Ancak daha da önemlisi dünyada çok ciddi bir jeopolitik çöküntü olduğunu belirten Şimşek, "Yani dünya aslında son yıllarda büyük bir çekişme nedeniyle korumacı bir patikada yoluna devam edecek gibi görünüyor. Tabii ülkemiz için bu önemli fırsatlar da içeriyor. Ülkemiz açısından baktığımız zaman özellikle pandemi sonrası da bir trende dönüşmüş olan yakın yerlerden tedarik veya dost ülkelerden, piyasalardan tedarik trendi çok önemli bir trend. Dolayısıyla ben Türkiye'nin o açıdan çok büyük avantaja sahip olduğunu düşünüyorum. Çünkü Avrupa Birliği gibi çok önemli bir bölgeye sadece coğrafi anlamda yakın değiliz. Gümrük Birliği'yle ve uzun süredir devam eden adaylık ilişkisi nedeniyle dost ülkelerden tedarik kategorisine yakın piyasalardan tedarik özelliğine sahip bir ülke. Benzer bir şekilde aslında Orta Asya'yla, Balkanlar'la, Orta Doğu'yla, hatta Afrika'yla yine yakın ve dost ülkelerden tedarik noktasında ben Türkiye'nin ön plana çıkacağına inanıyorum. Bu trend bizim lehimize." şeklinde konuştu.
"Enflasyonla mücadelede kararlıyız. Daha önce başardık, tekrar başaracağız"
Bu noktada önce makrofinansal istikrarın tesis edilmesi gerektiğini dile getiren Şimşek, şunları kaydetti:
"Bizim programın üç tane temel bileşeni var. Birinci bileşeni dezenflasyon. Yani fiyat istikrarının tekrar sağlanması. Maalesef dünyada da pandemi sonrası çok yüksek enflasyonist bir dönem söz konusu ama tabii Türkiye'de enflasyon çok daha yüksek seviyelerde. Enflasyonun yüksek olduğu yerlerde iş yapmak kolay değil. Öngörülebilirlikten, sürdürülebilir büyümeden bahsetmek zorlaşıyor. Türkiye'yi tekrar yüksek, sürdürülebilir, dengeli bir büyüme patikasına sokmak için enflasyonla mücadelede kararlıyız. Daha önce başardık, tekrar başaracağız.

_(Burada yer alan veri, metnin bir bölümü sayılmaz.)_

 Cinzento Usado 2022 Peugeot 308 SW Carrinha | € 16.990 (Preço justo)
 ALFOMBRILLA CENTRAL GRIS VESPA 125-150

Dezenflasyon programı deyince aklımıza tabii ki parasal sıkılaşma geliyor. Dünyada da öyle... Aslında sadece Türkiye'de değil. Bakın size bir rakam vereyim. Son 21 ayda 12 gelişmiş ülke toplam 107 kez, 22 gelişmekte olan ülke ise 162 kez faiz artışına gitti ve şu anda küresel enflasyon aşağı yönlü bir trend idi ama uzun vadeli ortalamaların hala çok üzerinde. Dolayısıyla ülkemizde de bir parasal sıkılaşmaya gidiyoruz. Aynı zamanda seçici kredi sıkılaşmasına da gidiyoruz. Bunun amacı kıt olan imkanlarımızın üretken alanlara kanalize edilmesidir."